Quick post to say that if you are en ecologist you can try now F1000Research for free until the end of the year (just enter the code ECOL16 during submission). Other than the beauty of open access, open peer-review (yes, where reviewers get credit too for doing a good job), and fast publication, I like the freedom of formats offered. They are introducing a new format, “observation papers”, for sharing observations that will not be enough for a full paper, but you don’t want them to be lost forever. Tons of small datasets are wasted because there is no enough data to make a full story. I am thinking specially in master thesis, or studies with low replication. Achieving those in a common place can be a good practice. I see two reasons for doing that at F1000Research. It has a good search tool and they only publish papers if data is released, hence, this data can be used on meta-analysis, for example. The drawback is that it can be expensive for master students, but you can try for free now.

#ESA2103

This will be my second year at ESA. It is also a great chance to see the US friends I made as a PostDoc here, but also to interact with lots of new people.

I would like to do a decent preview of the talks I am looking forward to see, but last week was hectic and I only have the time to post my tentative schedule in EsaSchedule (PDF).

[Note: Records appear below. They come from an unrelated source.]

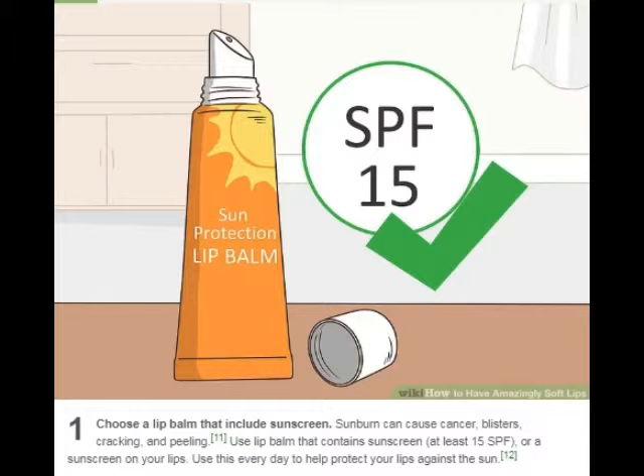Choose a lip balm that includes sunscreen. Sunburn can cause cancer, blisters, cracking, and peeling. Use a lip balm that contains sunscreen — at least 15 SPF — or apply a sunscreen on your lips. Use this every day to help protect your lips against the sun.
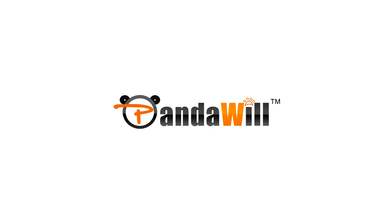This video is brought to you by Pandawill.com. Pandawill sells thousands of electronics directly from China, including the THL 2015. Please be sure to check them out using the links in the video description.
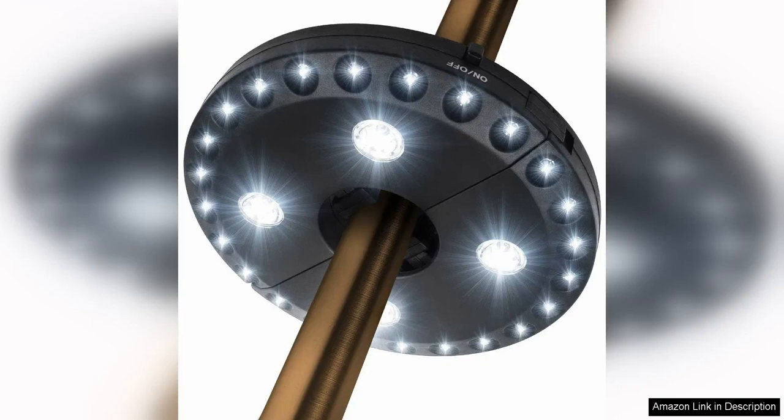The Sioyoku Patio Umbrella Light is the perfect addition to any outdoor space, providing bright and adjustable lighting for your patio or backyard. With 28 LED lights and 3 brightness modes, this cordless light is both versatile and convenient.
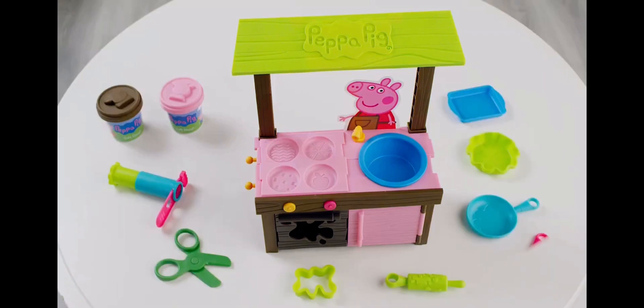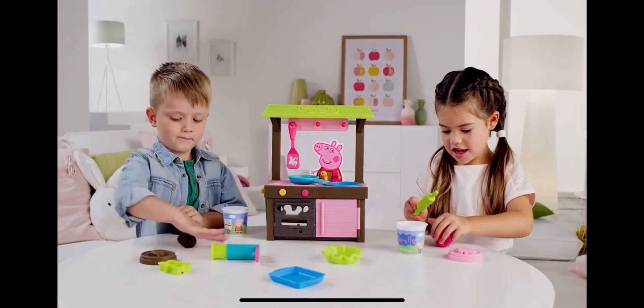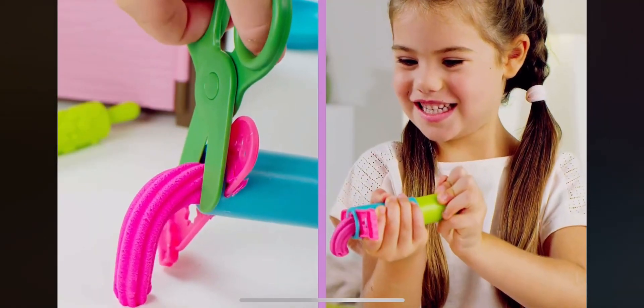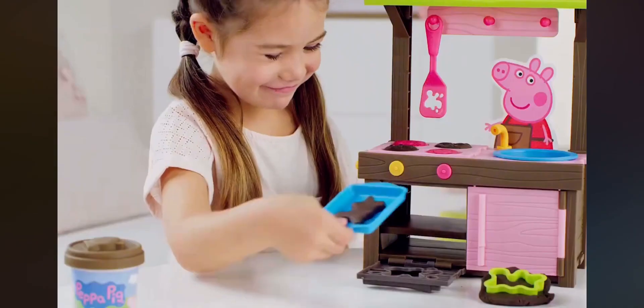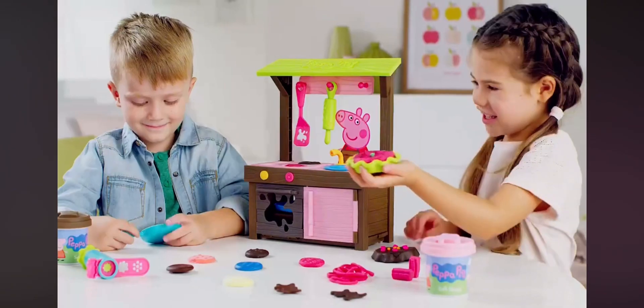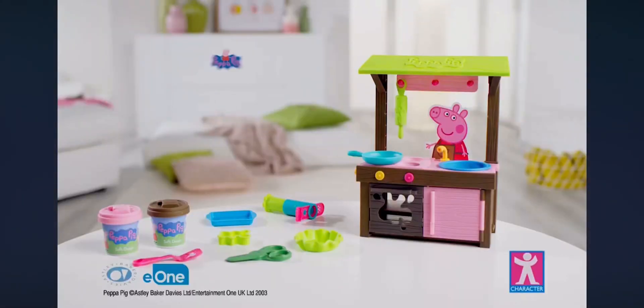Let's have fun with Peppa in the Mud Kitchen Dough playset. There's eight accessories. There's lots of fun things to do. Make mud splats, mud pies and more. Open up the doors. Lots of dough fun in the Peppa Mud Kitchen Dough playset.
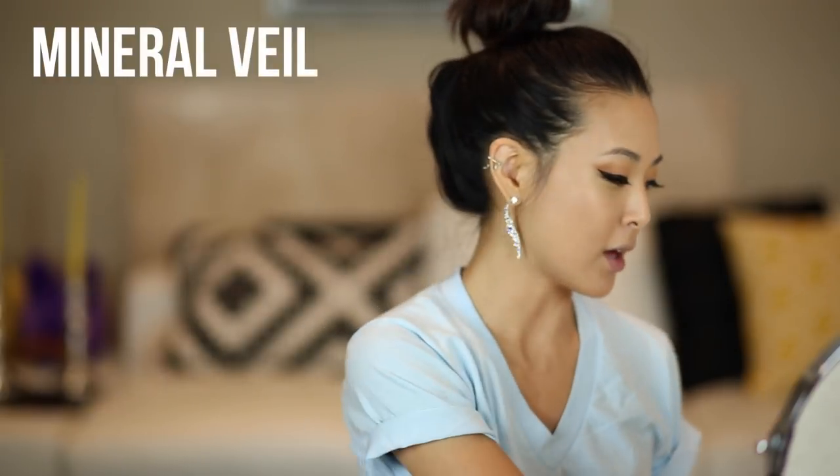A lot of people have dark circles as a huge concern. Because mineral makeup is on the drier side, I wouldn't necessarily recommend using mineral makeup alone to cover dark circles — I would actually use a creamy concealer for that. But I'm going to skip that step just to show you guys what it looks like by itself, and move onto the Mineral Veil.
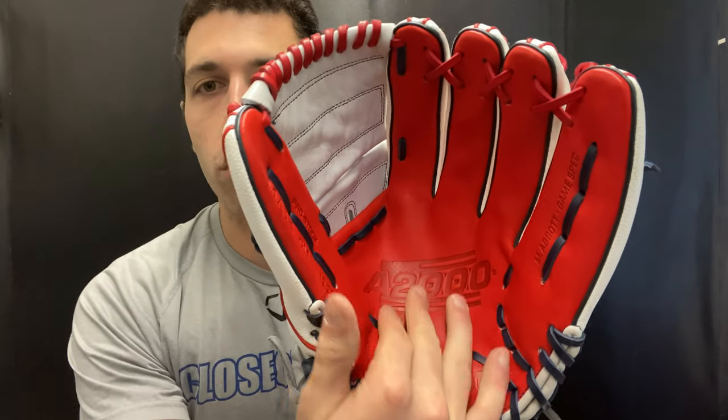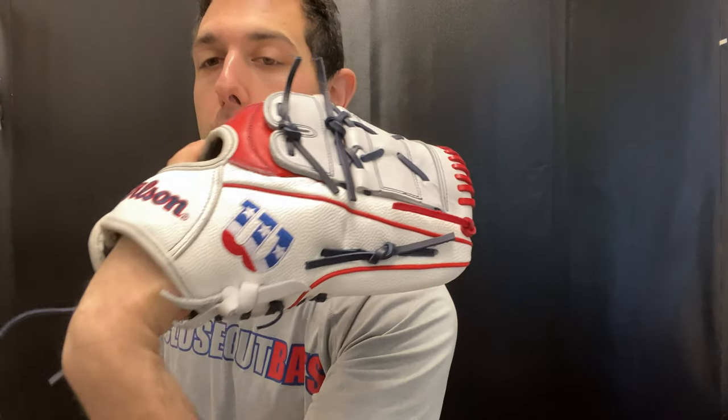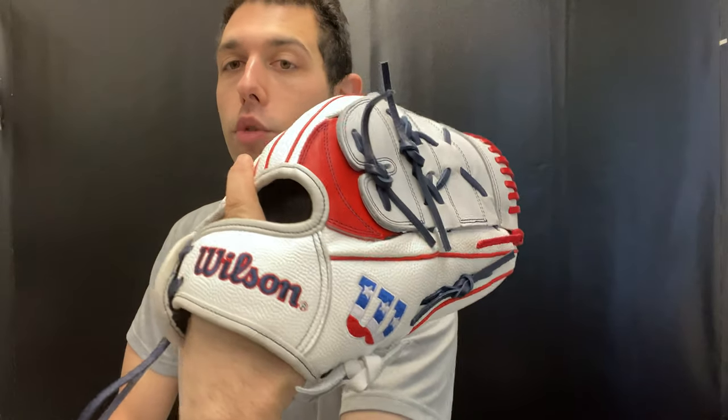This glove has kind of that red, white, and blue theme to it, with the USA logo right there alongside the A2000 branding, because this was obviously going to be the year it was supposed to head to the summer games. Unfortunately, that didn't happen — we'll look forward to that in the coming year. That's kind of why they came out with these gloves, featuring a brand new bold Wilson logo as well.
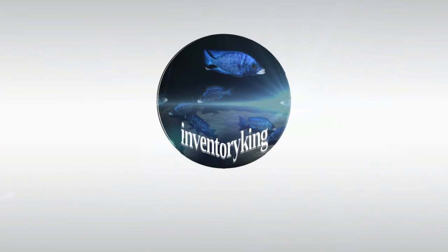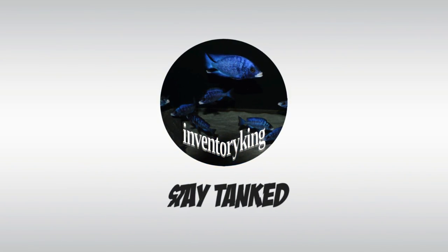Let's talk about acclimating tropical aquarium fish. What's going on YouTube, it's Paul the inventory king. We're talking about acclimating tropical fish, and I've got a special guest joining me today: Mr. Ben Ochart. Ben, what do you got for us?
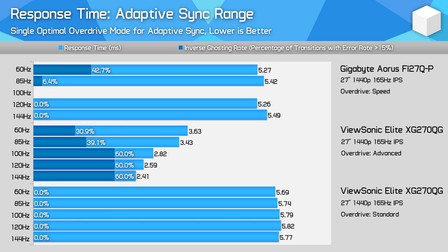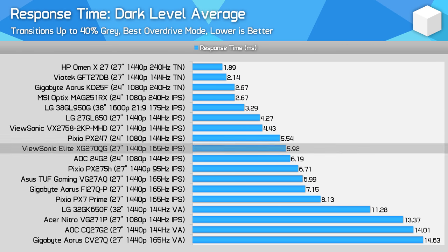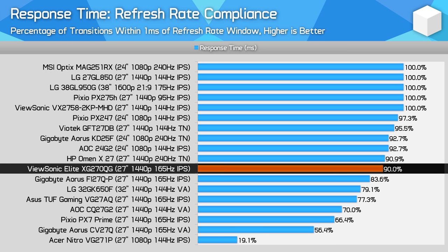Compared to the InnoLux-based Gigabyte Fi27Q-P: while the ViewSonic monitor offers rock solid performance all the way down to 60Hz — meaning you don't need to change overdrive modes depending on refresh rate — the Fi27Q-P falls away massively at the low end with significant overshoot at 60Hz. In terms of response time compliance at 90%, this high-end IPS display does deliver a true 165Hz experience, and notably delivers the best 165Hz experience out of the IPS monitors tested.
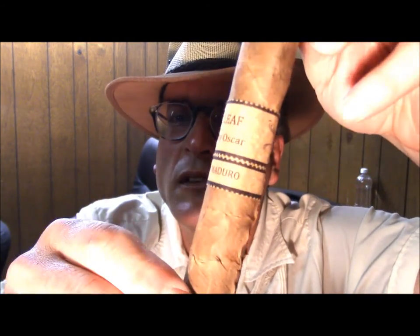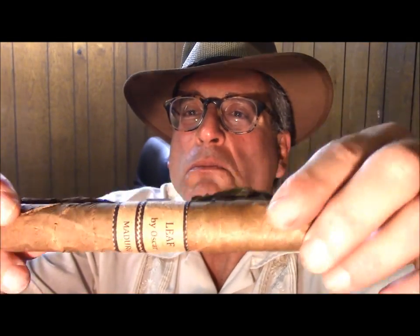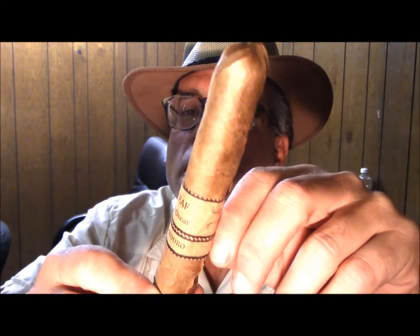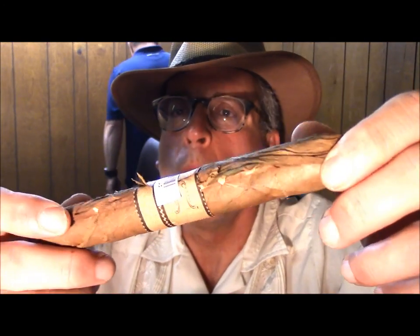This is the cigar. It's called — let's see if we can bring that in nice and close — it's called Leaf by Oscar. Now, if you look at this cigar, you might want to say that it's arguably the ugliest cigar you've ever seen. But you'd be wrong, because the people that run this brand have done something very interesting. Instead of putting the cigar in a cellophane tube, they wrapped the entire cigar in a whole tobacco leaf, and that makes for a very interesting and distinctive package.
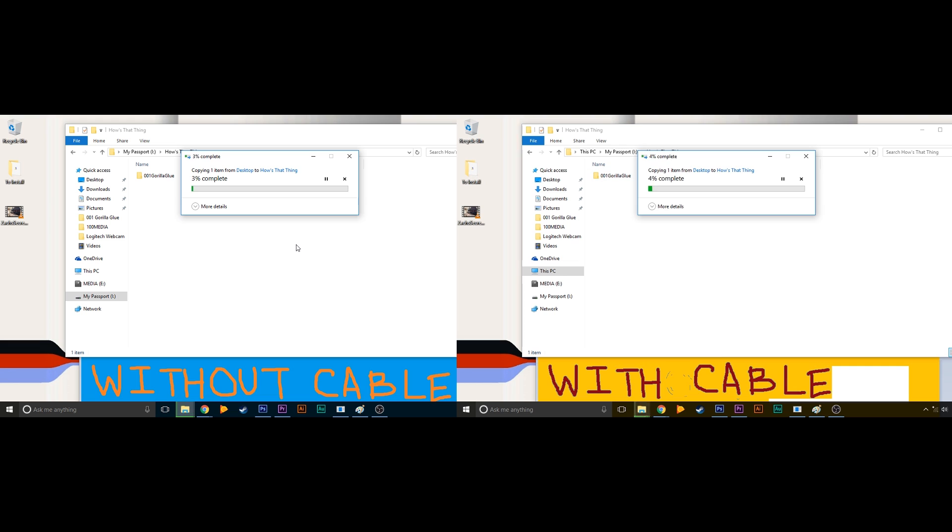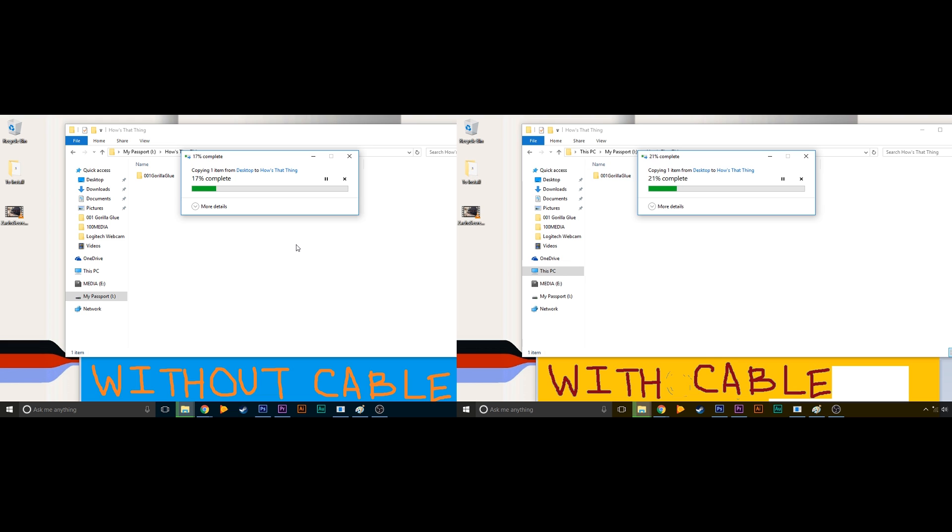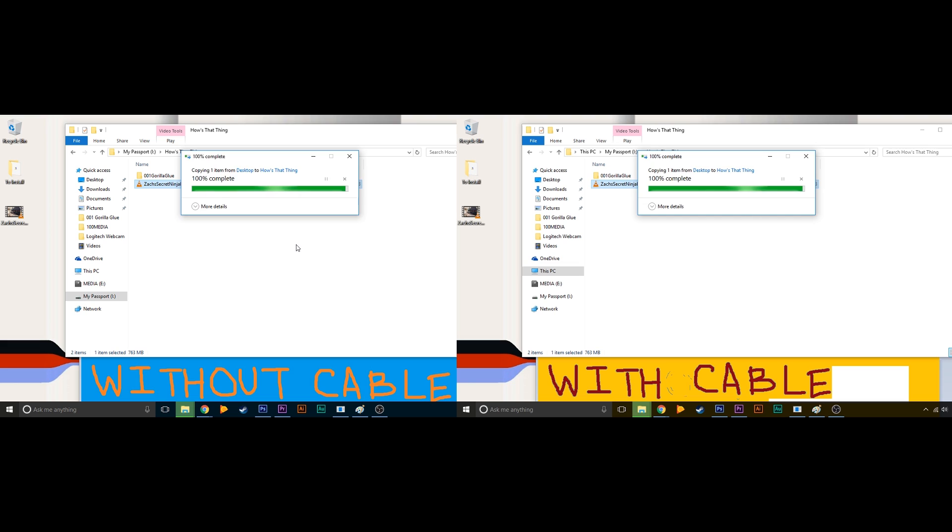With cable... without cable... with cable... they've gone down to the line together — too close to call. Okay, as you saw there was no loss of speed for data transfer.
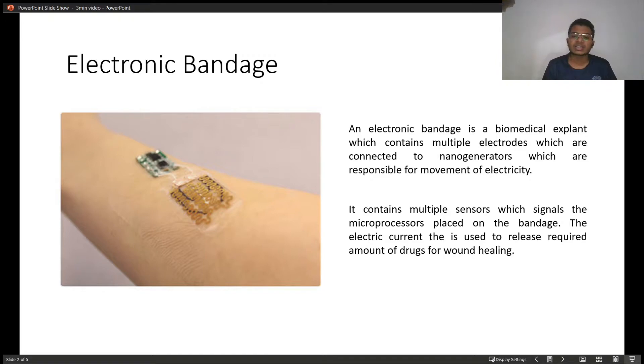This contains multiple sensors which signal to the microprocessors placed on the bandage. The electric current produced in the microprocessor is then used to release the required amount of drugs for wound healing.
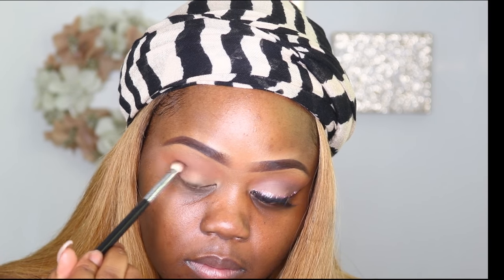I'm going to focus this on the outer V of my eye. Next I'm going to go in with my LORAC Unzipped Gold eyeshadow palette, using the shade Unedited — it's a nice matte brown eyeshadow. I'm just focusing this into the crease and on the outer V to add some intensity to the look.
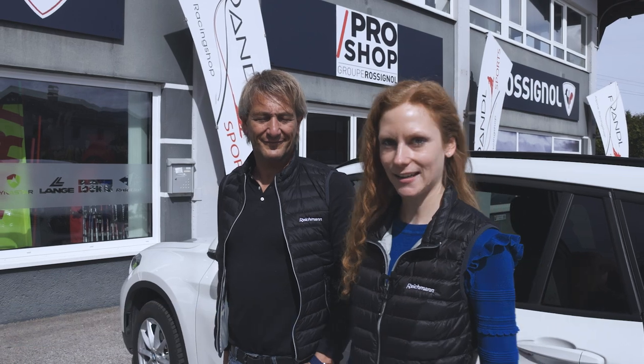Today we are in Hallein near Salzburg. Wolfgang and I are visiting a customer of Frandel Sports. He has some Reichmann machines. Let's go inside and see.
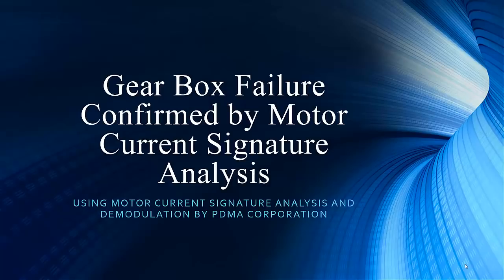Welcome to PDMA Corporation, home of the MC eMax. Thank you for joining us as we continue along in our presentation series. Once again, we have Noah Bethel, the Vice President of Product Development.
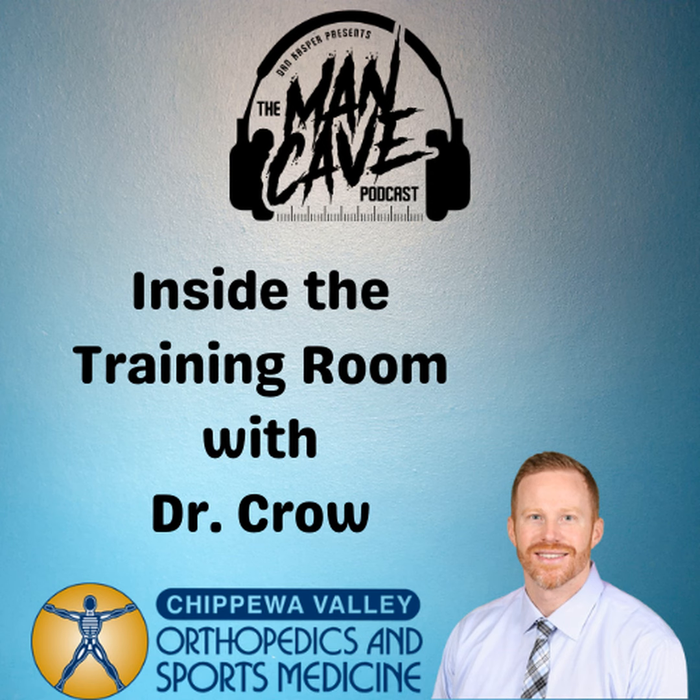Welcome to the Man Cave Podcast with Dan Casper. He is Dr. Crow from Chippewa Valley Orthopedics and Sports Medicine joining us this morning.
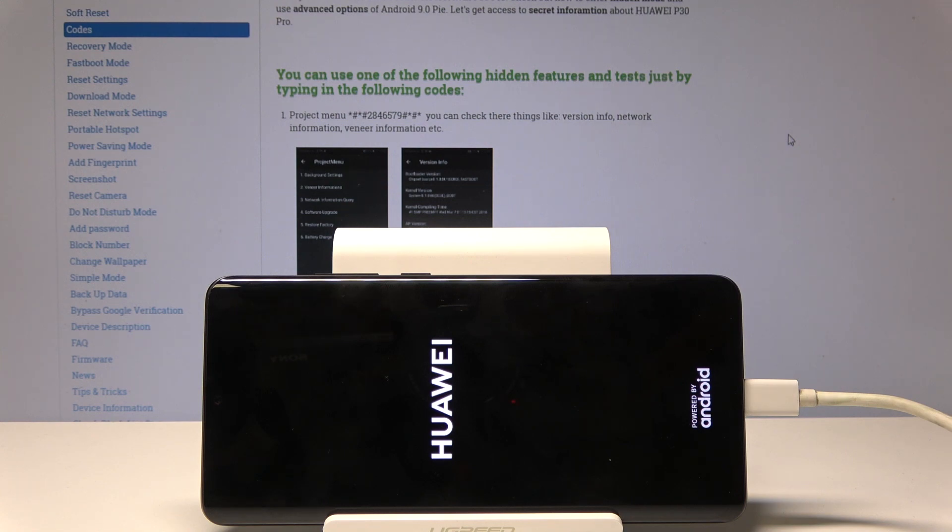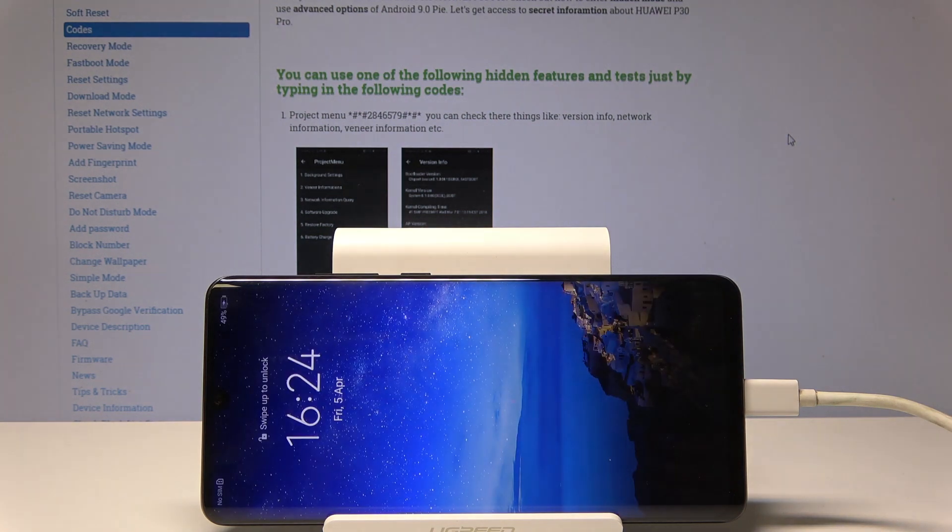As you can see, the phone is now turning back on, and that basically completes the process. If you found this video helpful, don't forget to hit like, subscribe, and thank you for watching.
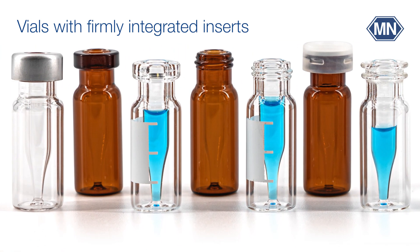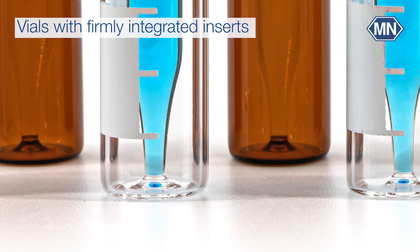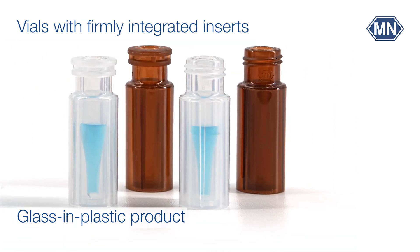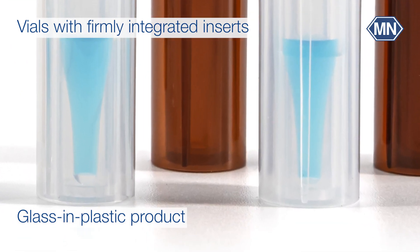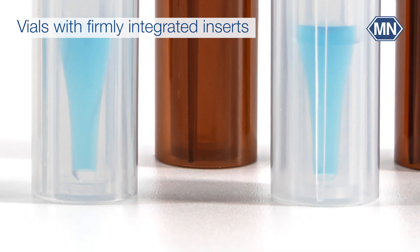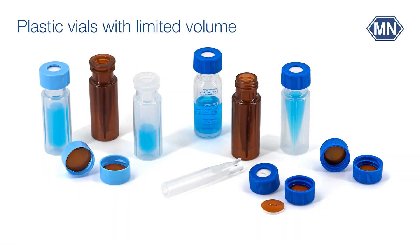Vials with integrated inserts are available as glass-in-glass products, with the insert firmly melted to the outer glass vial, or as glass-in-plastic products, with a glass insert firmly pressed into an outer plastic vial shell for high robustness and an excellent price-performance ratio. Upon request, they are also available with integrated silanized glass inserts.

And of course, you should come to my talk (Thursday 02:50 PM – 03:10 PM room: L100B). I have beautiful slides, and I am talking about completely new research. If you are interested in bees, pollination, response/effect traits framework, species loss simulations or Biodiversity ecosystem function, you will like it. And please don’t hesitate to stop to say hello after the talk (or have a beer, or run by the river,…) if you feel like it.

 

More on Pollinator declines

We have a new correspondence article about bee declines that tries to walk the fine line between a non-helping pessimistic attitude about pollinator declines and an unrealistic optimism. As I said before, I think is easier to defend a black or white position about the pollinator crisis, but I think is time to discuss the grey areas. So here I go:

We show two straight forward things. First, that recent papers showing 50% of bee extinctions and papers showing moderate 15% declines (that’s our paper!) are not reporting conflicting results. Is just a matter of scale. Local scale extinctions in heavily altered habitats translate into population declining trends at the regional scale. To read it in positive, we are still on time to revert this declining trends, because the species are there!

Second, we show that not all species respond equally to global change threads, for example some species love agricultural areas. Most important, seems that the species that thrive in crop fields, are the ones responsable of increasing crop production, so the best current ecosystem service providers (a.k.a. bees that visit crops) may be not as threatened as other bees. But please do not take that as “we don’t have to worry at all”. This is the “grey area” where we need to be clear that highly intensified agricultural areas (e.g. huge almond fields in California) may still suffer pollinator shortages. Similarly, we are talking here about crop pollination, but there is a growing evidence that all species are important to maintain (and stabilize) ecosystem functioning in natural areas. So the good news are only partial.

Read it, is a very short piece and is Open access. If someone is curious about F1000Research, just two lines to say that we choose it for the flexibility of formats they allow, the speed of publication and because I was very eager to see how post peer review works. So far we had two very positive reviewers (which made the article indexed in less than 24 Hours!), but no more comments. Is also a short piece so maybe there is not much else to comment?